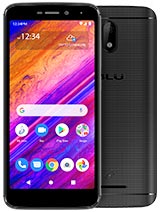 Best available price of BLU View 1 in Kazakhstan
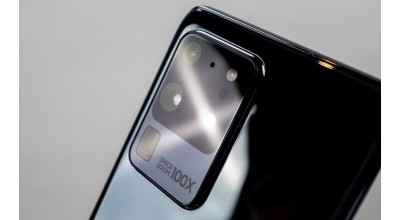 اولین خبرها درباره گوشی نسل بعدی سامسونگ Galaxy S22 منتشر شد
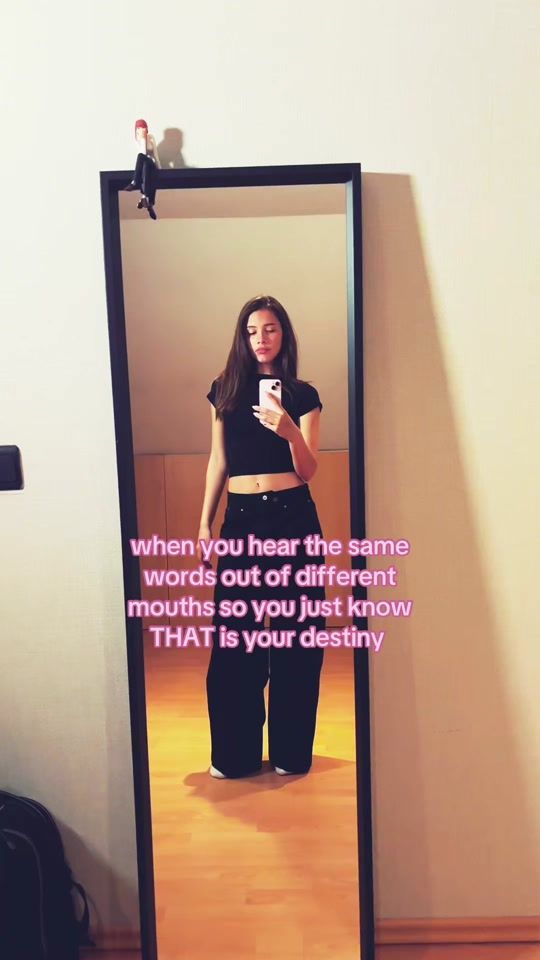 TikTok video thumbnail by ludymilw_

» Instructions to follow
Your answer must be the full listing, copied exactly, with no pictures in it.

» Solution to the problem
 Best available price of BLU View 1 in Kazakhstan
 اولین خبرها درباره گوشی نسل بعدی سامسونگ Galaxy S22 منتشر شد
 TikTok video thumbnail by ludymilw_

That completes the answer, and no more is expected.